Data extracted from a collection
──────────

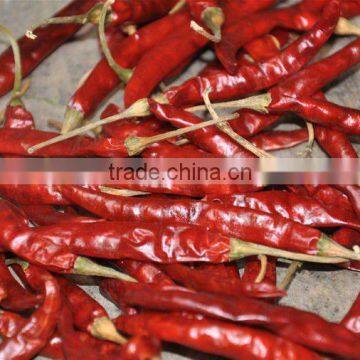 Indian dried chili with stem 334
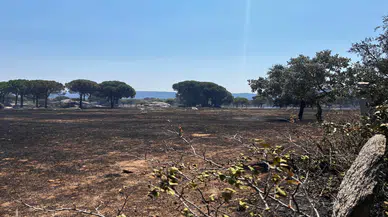 Bergama'da Anız Yangını Korkuttu: 16 Hektar Alan Zarar Gördü, Yerleşim Alanları Kurtarıldı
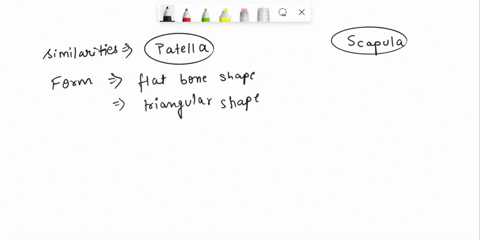 how-are-a-patella-and-scapula-similar-in-form-and-function-05575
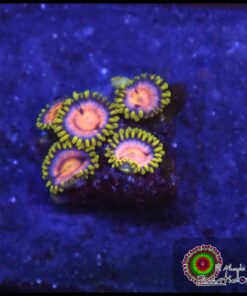 Zoas ultra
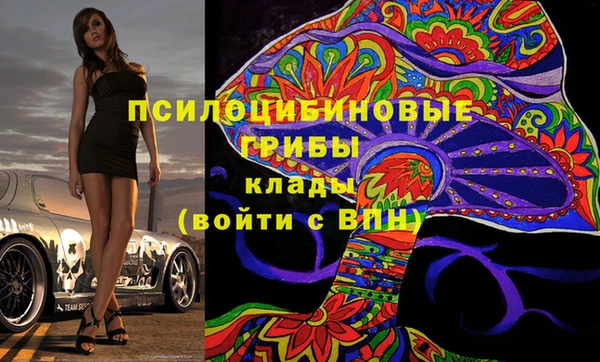хмурый Аркадак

──────────

#### [TASK STATEMENT]
Without the pictures, restate all the entries above exactly.

#### [OUTPUT BELOW]
 Indian dried chili with stem 334
 Bergama'da Anız Yangını Korkuttu: 16 Hektar Alan Zarar Gördü, Yerleşim Alanları Kurtarıldı
 how-are-a-patella-and-scapula-similar-in-form-and-function-05575
 Zoas ultra
хмурый Аркадак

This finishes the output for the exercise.